2002-11-13 Thread Martin, Jon
Fallout from Exchange 5.5 to 2000 Upgrade Part II:

After migrating the mailboxes from Exchange 5.5 to Exchange 2000 (basically
by bringing new Exchange 2000 servers into our Exchange 5.5 organization and
then moving mailboxes from the 5.5 to 2000 servers) we have ended up with
two outstanding problems that, to date, PSS has not been able to resolve.

This is one of the two:  

In Exchange 5.5 we utilized the delegate account method (Q169872) to deal
with meetings that included shared resources. As part of the upgrade to
Exchange 2000 we used the NTDSNoMatch attribute on these calendars to force
the ADC to create disabled accounts for them. So far, so good; it worked as
advertised.

Now that we have migrated, on an apparently random basis, users cannot
modify meetings that they scheduled on conference room calendars prior to
the migration. Not all meetings on any calendar have this problem; not all
meetings scheduled by any one user have this problem.

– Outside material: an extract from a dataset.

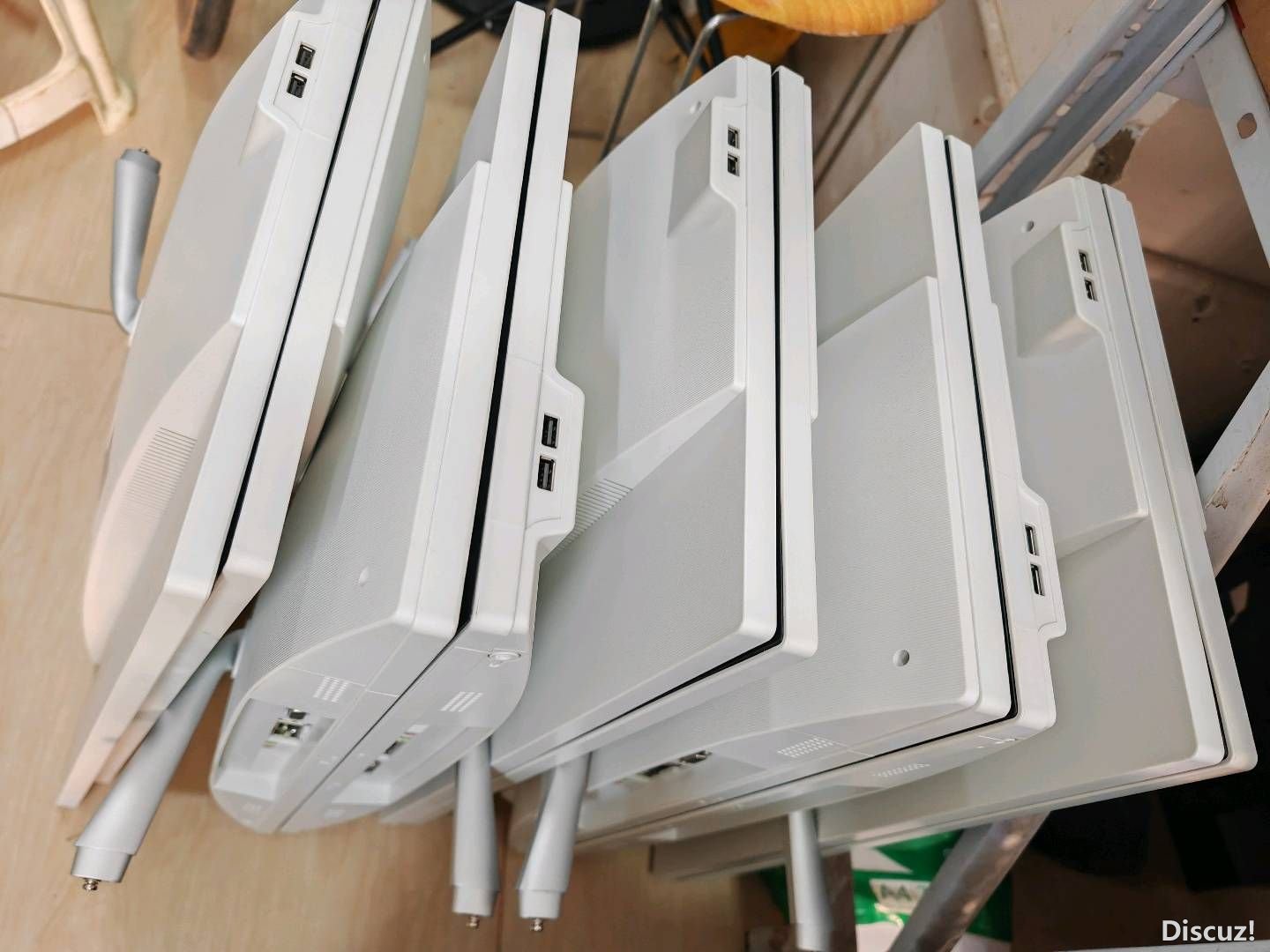 083350zvkcm44pkyyvx4lj.jpg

Of course in the migrated system the default access permissions to
conference room calendars is Author. Creating new meetings that include
resource calendars is working fine.

Behind the scenes, what has happened on the problematic meeting entries is
that the Owner of the meeting is no longer the same as the Meeting
Organizer; the Owner is the disabled conference room account instead. The
meeting organizer tries to update the meeting, and gets a Your changes
could not be saved because you don't have permission to modify some or all
of the items in this folder

So far the only 'fix' that works is to make the default calendar access
permission on the conference rooms 'Editor'. In an organization or our size
(60 resource accounts, 1700 users) that would create a disaster all its own.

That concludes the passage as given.